Toolsets: Two Specific Offenders

delegation allows Hermes to spawn sub-agents to handle parts of a task. On a local 7B model this is counterproductive — for a simple disk usage query the model may delegate to a sub-agent, which means additional full LLM round-trips, each with the full system prompt. Disable it:

hermes tools disable delegation

clarify makes the model ask clarifying questions before acting when it's uncertain. This adds a full LLM call before any tool is invoked. On CPU hardware, one extra call is 5–15 minutes. Disable it:

hermes tools disable clarify

Other toolsets worth reviewing depending on your use case:

hermes tools disable browser        # if you only need terminal access
hermes tools disable code_execution # if you don't need sandboxed code execution
hermes tools disable session_search # not needed for most homelab queries

Verifying the Improvement

After each round of changes, restart the gateway and measure:

hermes gateway stop && hermes gateway start

# Check the new prompt size
wc -c ~/.hermes/.skills_prompt_snapshot.json

# Time an actual query
time hermes chat -q "how much disk space do I have?"

The new prompt size tells you exactly what to expect. Each 4KB removed from the snapshot saves roughly 1,000 tokens × number of LLM calls from the total response time.
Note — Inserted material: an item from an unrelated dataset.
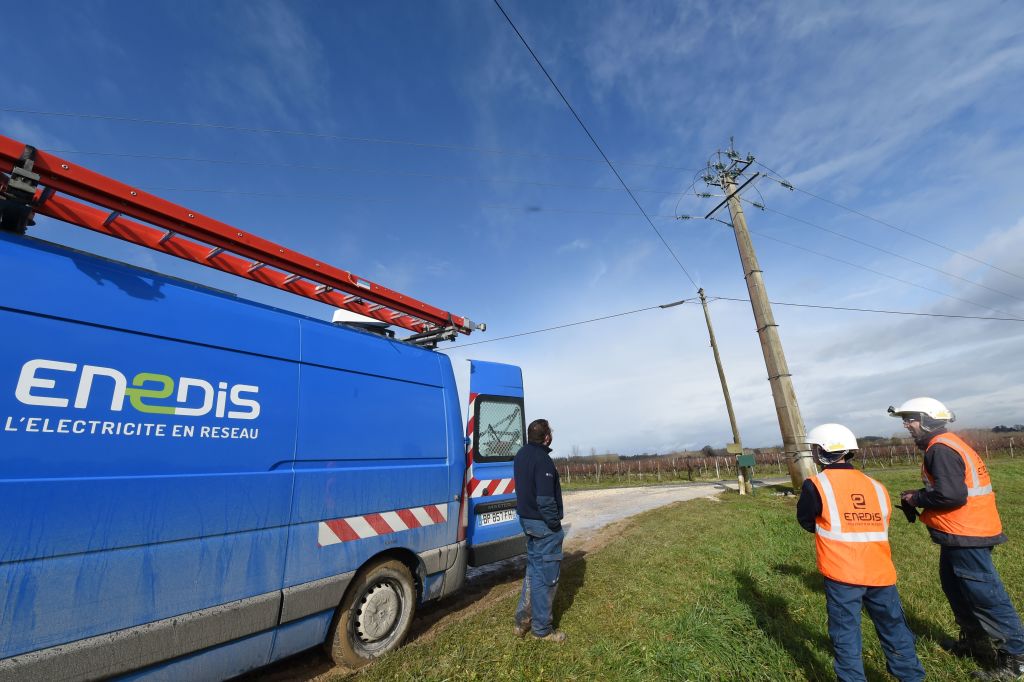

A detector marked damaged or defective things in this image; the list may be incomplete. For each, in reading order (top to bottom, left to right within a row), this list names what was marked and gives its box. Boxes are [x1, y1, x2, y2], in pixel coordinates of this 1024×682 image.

storm-damaged pole [704, 143, 816, 486]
Minimum Viable Configuration for a Homelab Assistant

What to keep enabled by default:

What it does
terminal toolset Shell command execution — runs df, sensors, etc.
file toolset File read/write operations
homeassistant toolset Home Assistant device control
memory toolset Persistent memory between sessions
todo toolset Task tracking

Add skills back individually when you have a concrete use for them. Every enabled skill is a permanent cost on every LLM call, paid regardless of whether that skill is relevant to the query.


Summary

A 39-minute disk usage query has nothing to do with the model or the hardware — it's the system prompt size.
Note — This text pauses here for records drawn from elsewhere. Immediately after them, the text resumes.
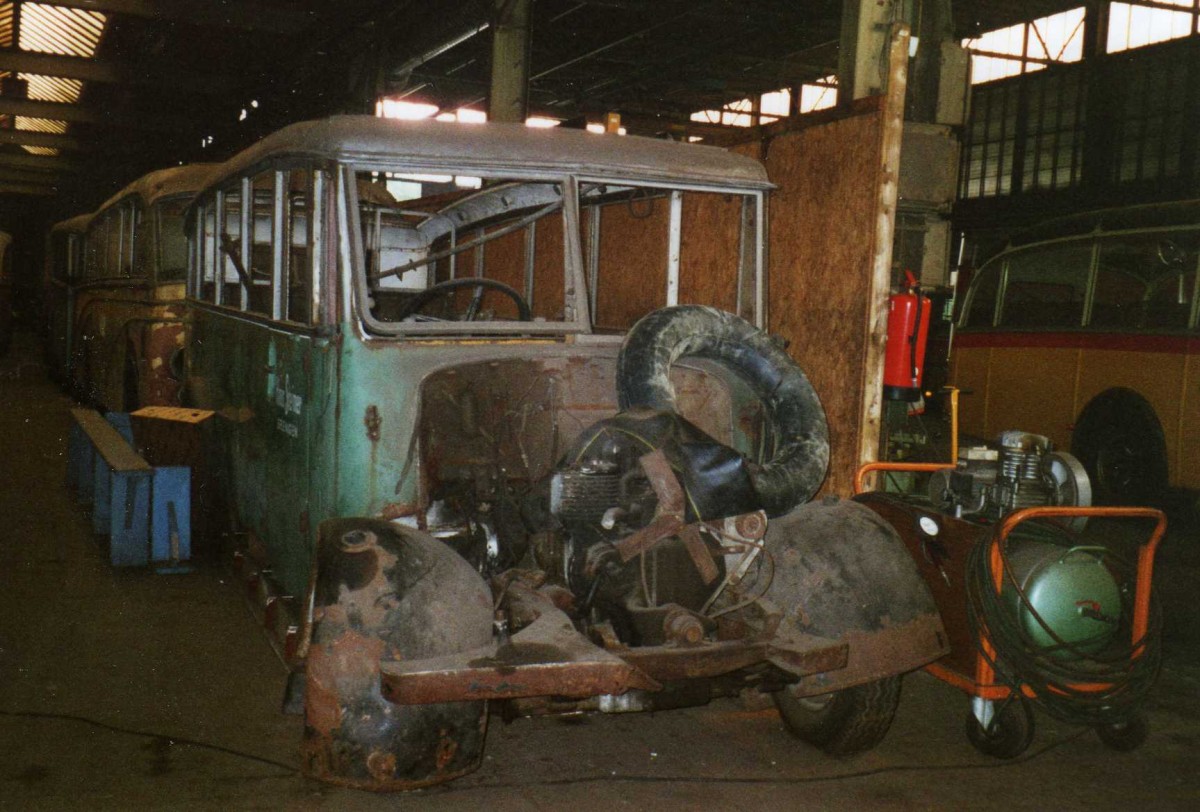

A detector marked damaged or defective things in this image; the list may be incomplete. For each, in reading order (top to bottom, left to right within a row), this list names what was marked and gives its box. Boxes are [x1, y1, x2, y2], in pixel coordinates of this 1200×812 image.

rusty vintage bus [71, 161, 214, 407]
rusty vintage bus [180, 116, 945, 786]
rusty vintage bus [950, 199, 1195, 501]
rusty front fender [309, 520, 496, 791]
rusty front fender [758, 494, 945, 695]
Check Command What to look for
Model loaded ollama ps Model listed, Until: Forever
No swap free -h Swap used: ~0
No disk I/O iostat -x 1 3 %util near 0 during inference
Prompt size wc -c ~/.hermes/.skills_prompt_snapshot.json Target under 15KB
Baseline speed Direct Ollama test Calculate actual tok/s

Fix in order: disable unused skills, disable delegation, disable clarify. Restart the gateway after each change and measure the improvement.